BSG, Beschluß vom 02.11.2005 - Aktenzeichen B 6 KA 43/05 B

DRsp Nr. 2006/25520

Nichteinhaltung einer Widerspruchsfrist in der vertragsärztlichen Versorgung durch Fehler des Praxispersonals

Der Vortrag eines Vertragsarztes, dass ihn an der Nichteinhaltung der Widerspruchsfrist kein Verschulden trifft, weil eine Praxismitarbeiterin versehentlich die Weiterleitung des Einschreibens unterlassen hat und er darauf vertrauen dürfe, dass eine eventuelle Kürzungsmaßnahme hinsichtlich eines bestimmten Abrechnungsquartals zumindest auch seinem Bevollmächtigten zugestellt werde, ist im Hinblick auf § 67 Abs. 1 SGG erheblich. Es kann nicht ausgeschlossen werden, dass das Berufungsgericht Wiedereinsetzung gewährt hätte, wenn es ihm gefolgt wäre bzw ggf nähere Ermittlungen zu Aufgabenkreis, Auswahl, Fähigkeiten und Kontrolle der Praxismitarbeiterin angestellt hätte. [Nicht amtlich veröffentlichte Entscheidung]

Normenkette:

SGB V § 106 Abs. 4 ; SGB X § 13 Abs. 1 S. 2 ; SGG § 67 Abs. 1 § 84 Abs. 1 S. 1 ; VwZG § 8 Abs. 1 S. 2 ;

Gründe:

I

Umstritten ist eine Honorarkürzung im Rahmen der vertragsärztlichen Wirtschaftlichkeitsprüfung. Zu klären ist zunächst, ob die Klägerin rechtzeitig gegen einen Bescheid des Prüfungsausschusses Widerspruch eingelegt hat.

Die Wirtschaftlichkeit der Behandlungsweise der Klägerin, einer aus zwei zur vertragsärztlichen Versorgung zugelassenen Allgemeinärzten bestehenden Gemeinschaftspraxis, im Quartal II/1996 war bereits im Jahre 1997 Gegenstand der Prüfung. Gegen die erste Kürzungsentscheidung des Prüfungsausschusses vom 30. Januar 1997 legte die Klägerin am 31. Januar 1997 Widerspruch ein.
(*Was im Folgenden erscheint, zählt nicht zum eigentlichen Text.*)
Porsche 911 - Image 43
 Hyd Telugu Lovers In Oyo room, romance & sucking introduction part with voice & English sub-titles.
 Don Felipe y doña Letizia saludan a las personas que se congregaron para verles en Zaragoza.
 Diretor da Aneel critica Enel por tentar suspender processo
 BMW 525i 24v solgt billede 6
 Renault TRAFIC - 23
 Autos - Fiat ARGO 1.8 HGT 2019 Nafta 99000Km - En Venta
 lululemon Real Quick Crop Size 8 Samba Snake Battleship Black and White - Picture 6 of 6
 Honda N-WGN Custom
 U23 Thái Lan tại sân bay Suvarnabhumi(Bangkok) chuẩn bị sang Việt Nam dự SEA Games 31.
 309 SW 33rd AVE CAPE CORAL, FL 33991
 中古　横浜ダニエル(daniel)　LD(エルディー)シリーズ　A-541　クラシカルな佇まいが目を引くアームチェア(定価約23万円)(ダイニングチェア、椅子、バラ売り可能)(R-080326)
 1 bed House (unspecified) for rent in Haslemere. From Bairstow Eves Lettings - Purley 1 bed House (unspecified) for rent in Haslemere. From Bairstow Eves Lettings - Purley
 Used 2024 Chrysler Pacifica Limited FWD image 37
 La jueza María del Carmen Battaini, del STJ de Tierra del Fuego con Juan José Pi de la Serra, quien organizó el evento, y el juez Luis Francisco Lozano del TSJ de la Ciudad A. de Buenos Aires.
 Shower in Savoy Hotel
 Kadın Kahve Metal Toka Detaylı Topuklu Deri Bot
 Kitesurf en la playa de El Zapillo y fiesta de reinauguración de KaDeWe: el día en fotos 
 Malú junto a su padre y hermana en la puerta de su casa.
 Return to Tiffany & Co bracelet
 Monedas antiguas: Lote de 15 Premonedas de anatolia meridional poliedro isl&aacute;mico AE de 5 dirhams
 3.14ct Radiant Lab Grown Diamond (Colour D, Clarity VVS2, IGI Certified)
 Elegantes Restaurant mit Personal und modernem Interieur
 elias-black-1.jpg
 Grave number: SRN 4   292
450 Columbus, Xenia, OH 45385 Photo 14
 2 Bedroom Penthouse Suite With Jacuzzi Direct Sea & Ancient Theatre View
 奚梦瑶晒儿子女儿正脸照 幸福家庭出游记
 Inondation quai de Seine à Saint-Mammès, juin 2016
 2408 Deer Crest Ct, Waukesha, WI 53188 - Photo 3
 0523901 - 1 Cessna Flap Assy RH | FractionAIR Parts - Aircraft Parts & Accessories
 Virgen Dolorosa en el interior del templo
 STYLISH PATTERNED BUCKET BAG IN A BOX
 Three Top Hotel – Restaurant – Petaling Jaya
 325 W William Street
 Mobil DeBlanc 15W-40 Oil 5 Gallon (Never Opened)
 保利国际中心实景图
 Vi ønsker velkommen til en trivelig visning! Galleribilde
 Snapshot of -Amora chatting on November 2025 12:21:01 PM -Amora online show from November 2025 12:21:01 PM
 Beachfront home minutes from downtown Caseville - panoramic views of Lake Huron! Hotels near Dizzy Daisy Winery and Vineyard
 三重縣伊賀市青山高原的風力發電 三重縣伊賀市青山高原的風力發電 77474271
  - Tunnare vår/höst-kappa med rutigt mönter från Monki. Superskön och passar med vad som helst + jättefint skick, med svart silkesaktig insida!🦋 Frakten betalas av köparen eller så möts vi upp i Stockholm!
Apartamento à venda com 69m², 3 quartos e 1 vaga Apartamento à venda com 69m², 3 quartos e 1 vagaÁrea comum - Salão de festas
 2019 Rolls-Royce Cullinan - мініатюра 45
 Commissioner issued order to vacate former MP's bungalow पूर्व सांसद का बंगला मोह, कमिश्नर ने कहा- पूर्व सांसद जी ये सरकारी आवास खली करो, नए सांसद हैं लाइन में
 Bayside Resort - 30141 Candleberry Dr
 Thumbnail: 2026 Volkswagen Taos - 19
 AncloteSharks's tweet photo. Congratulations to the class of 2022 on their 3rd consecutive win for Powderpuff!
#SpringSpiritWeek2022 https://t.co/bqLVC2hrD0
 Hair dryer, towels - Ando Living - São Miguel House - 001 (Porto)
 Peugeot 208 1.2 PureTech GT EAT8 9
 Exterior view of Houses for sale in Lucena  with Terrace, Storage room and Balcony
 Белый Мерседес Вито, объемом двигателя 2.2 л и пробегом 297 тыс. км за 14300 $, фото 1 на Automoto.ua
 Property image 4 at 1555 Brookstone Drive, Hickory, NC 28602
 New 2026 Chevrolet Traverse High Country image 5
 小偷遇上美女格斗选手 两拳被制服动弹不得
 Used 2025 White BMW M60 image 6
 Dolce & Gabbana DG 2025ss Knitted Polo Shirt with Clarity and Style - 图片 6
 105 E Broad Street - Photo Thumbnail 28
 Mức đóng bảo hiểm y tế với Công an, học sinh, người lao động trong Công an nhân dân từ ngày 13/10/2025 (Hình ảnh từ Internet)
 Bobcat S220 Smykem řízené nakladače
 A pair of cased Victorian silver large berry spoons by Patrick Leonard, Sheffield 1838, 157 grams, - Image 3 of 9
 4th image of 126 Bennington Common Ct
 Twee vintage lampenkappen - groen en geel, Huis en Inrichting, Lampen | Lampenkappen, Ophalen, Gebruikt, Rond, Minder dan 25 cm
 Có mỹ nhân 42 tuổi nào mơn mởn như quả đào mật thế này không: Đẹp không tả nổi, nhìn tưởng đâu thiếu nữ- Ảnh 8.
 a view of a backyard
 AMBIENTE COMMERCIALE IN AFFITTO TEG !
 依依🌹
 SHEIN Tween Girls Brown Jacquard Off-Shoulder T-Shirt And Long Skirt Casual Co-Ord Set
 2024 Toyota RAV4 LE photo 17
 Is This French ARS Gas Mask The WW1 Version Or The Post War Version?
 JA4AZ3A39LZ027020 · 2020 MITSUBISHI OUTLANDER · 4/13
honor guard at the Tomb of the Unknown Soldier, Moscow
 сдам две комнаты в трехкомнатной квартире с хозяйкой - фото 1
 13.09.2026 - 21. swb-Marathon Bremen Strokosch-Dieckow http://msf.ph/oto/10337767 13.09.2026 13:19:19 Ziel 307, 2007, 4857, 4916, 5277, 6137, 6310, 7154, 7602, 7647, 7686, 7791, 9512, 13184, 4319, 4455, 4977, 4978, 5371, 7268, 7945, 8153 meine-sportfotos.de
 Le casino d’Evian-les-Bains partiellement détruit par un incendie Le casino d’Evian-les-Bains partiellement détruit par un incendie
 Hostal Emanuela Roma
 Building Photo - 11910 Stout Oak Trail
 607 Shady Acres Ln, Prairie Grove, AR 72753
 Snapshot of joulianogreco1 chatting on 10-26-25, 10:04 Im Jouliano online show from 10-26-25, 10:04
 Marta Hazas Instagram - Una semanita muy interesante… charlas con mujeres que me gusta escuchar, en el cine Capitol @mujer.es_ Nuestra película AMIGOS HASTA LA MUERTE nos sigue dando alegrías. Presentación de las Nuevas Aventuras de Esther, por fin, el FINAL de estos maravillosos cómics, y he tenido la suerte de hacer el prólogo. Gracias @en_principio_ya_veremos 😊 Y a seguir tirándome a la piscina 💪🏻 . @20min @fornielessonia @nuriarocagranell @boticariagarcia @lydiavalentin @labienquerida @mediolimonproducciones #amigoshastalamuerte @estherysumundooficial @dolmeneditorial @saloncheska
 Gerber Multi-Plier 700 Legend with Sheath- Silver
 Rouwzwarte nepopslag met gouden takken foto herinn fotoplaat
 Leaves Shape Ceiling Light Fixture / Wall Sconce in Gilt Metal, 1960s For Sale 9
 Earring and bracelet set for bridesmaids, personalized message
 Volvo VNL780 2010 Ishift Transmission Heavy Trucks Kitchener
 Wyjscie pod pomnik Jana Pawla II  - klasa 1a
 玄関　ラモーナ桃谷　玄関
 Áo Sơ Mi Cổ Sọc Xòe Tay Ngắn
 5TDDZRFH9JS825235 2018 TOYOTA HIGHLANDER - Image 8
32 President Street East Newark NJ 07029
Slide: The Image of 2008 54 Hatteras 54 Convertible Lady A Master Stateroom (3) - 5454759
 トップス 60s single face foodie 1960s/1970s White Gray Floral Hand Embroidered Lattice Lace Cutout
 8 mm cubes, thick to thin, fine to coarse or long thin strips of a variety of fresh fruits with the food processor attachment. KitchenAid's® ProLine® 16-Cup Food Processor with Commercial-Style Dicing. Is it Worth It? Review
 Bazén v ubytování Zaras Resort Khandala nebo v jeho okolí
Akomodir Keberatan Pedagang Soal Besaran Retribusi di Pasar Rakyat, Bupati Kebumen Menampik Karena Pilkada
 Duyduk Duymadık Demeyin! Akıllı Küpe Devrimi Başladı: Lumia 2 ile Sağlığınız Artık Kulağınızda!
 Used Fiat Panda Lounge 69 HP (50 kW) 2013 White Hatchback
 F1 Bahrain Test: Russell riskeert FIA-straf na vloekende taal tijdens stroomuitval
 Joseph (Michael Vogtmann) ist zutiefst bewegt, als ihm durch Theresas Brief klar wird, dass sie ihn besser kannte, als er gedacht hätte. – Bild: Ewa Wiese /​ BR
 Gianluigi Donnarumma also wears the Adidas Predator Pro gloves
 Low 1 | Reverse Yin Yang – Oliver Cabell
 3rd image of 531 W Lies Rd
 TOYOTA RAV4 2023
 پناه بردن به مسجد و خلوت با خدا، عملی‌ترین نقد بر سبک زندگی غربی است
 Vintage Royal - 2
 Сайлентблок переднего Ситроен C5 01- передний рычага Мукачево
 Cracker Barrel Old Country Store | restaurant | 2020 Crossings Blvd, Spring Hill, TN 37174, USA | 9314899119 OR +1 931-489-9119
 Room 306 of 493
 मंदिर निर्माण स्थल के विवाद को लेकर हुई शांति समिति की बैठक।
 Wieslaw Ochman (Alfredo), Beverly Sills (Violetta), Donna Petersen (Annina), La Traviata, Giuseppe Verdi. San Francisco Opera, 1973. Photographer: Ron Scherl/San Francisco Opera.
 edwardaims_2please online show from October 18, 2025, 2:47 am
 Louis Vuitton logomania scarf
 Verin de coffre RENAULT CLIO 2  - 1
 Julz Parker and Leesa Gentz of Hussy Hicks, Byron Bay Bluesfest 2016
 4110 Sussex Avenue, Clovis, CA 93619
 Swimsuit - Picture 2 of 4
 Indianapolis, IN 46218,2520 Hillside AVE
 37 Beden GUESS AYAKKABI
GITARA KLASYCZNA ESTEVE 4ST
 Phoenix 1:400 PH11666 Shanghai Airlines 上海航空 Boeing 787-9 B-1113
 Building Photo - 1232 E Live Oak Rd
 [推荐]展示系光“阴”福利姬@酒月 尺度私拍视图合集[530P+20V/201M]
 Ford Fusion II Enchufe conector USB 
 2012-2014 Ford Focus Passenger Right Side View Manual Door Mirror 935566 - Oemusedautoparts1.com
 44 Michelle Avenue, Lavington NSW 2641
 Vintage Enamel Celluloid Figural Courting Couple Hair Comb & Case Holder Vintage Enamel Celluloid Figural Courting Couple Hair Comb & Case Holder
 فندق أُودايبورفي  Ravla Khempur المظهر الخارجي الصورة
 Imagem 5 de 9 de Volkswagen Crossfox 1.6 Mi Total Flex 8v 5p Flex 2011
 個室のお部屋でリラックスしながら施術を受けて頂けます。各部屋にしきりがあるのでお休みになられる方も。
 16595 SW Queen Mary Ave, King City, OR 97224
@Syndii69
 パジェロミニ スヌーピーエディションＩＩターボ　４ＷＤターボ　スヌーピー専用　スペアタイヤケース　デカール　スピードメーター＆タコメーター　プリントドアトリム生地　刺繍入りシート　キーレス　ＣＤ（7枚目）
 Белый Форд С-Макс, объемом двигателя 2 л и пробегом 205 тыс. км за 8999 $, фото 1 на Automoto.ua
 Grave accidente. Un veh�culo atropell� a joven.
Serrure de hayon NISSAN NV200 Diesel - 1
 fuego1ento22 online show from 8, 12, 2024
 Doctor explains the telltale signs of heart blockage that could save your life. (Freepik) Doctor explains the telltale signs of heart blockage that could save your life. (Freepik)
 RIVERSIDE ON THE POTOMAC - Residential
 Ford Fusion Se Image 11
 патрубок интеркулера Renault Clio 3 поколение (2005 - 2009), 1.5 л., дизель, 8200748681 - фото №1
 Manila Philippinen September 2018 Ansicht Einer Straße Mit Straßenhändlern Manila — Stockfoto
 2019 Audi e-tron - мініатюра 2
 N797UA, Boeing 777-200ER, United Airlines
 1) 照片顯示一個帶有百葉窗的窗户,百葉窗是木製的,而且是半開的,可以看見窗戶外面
Mit Schriftsatz vom 12. August 1997 meldeten sich ihre jetzigen Bevollmächtigten bei dem beklagten Beschwerdeausschuss und begründeten den Widerspruch. Der Widerspruch hatte Erfolg. Der Beklagte hob die angefochtenen Kürzungen mit Beschluss vom 17. September 1997 auf. Über die Frage, ob die Zuziehung eines Bevollmächtigten in diesem Verfahren notwendig gewesen ist, ist vor dem Sozialgericht ( SG ) Berlin ein Rechtsstreit geführt worden (S 81 KA 9/98*71), der durch angenommenes Anerkenntnis im Juli 1999 erledigt worden ist.

Nachdem der Prüfungsausschuss der Klägerin im Februar 1999 mitgeteilt hatte, die Wirtschaftlichkeit ihrer Behandlungsweise im Quartal II/1996 werde erneut geprüft, kürzte er sodann mit Bescheid vom 22. April 1999 die Honorarforderung für Beratungs- und Betreuungsleistungen um 50 vH, das Honorar für Leistungen nach Nr 60 des Einheitlichen Bewertungsmaßstabs für vertragsärztliche Leistungen (EBM-Ä) um 40 vH sowie das Honorar für Leistungen nach Nr 273 EBM-Ä um 30 vH. Der Bescheid wurde der Klägerin durch Einschreiben am 23. April 1999 übermittelt.

Am 30. November 1999 legte die Klägerin mit Schreiben ihrer Bevollmächtigten Widerspruch ein und begehrte Wiedereinsetzung in die versäumte Widerspruchsfrist. Sie machte geltend, der Bescheid vom 22. April 1999 hätte ihren Bevollmächtigten zugestellt werden müssen. Im Übrigen treffe sie kein Verschulden an der Versäumung der Widerspruchsfrist, weil die Mitarbeiterin, der das Einschreiben übergeben worden sei, versäumt habe, den Bescheid an die Praxisinhaber weiterzugeben.

Der beklagte Beschwerdeausschuss lehnte die Gewährung von Wiedereinsetzung ab und wies den Widerspruch als unzulässig zurück. Die Widersprüche hinsichtlich der gleichzeitig verhandelten Quartale III/1997 bis IV/1998, die vergleichbare Sachverhalte betrafen, führten dagegen zum Erfolg im Sinne der endgültigen Aufhebung der Kürzungsentscheidungen des Prüfungsausschusses. Der Beklagte begründete seine Entscheidung zum Quartal II/1996 damit, dass die Zustellung des Bescheides des Prüfungsausschusses an die Kläger am 23. April 1999 ordnungsgemäß erfolgt und der Widerspruch vom 30. November 1999 verspätet sei.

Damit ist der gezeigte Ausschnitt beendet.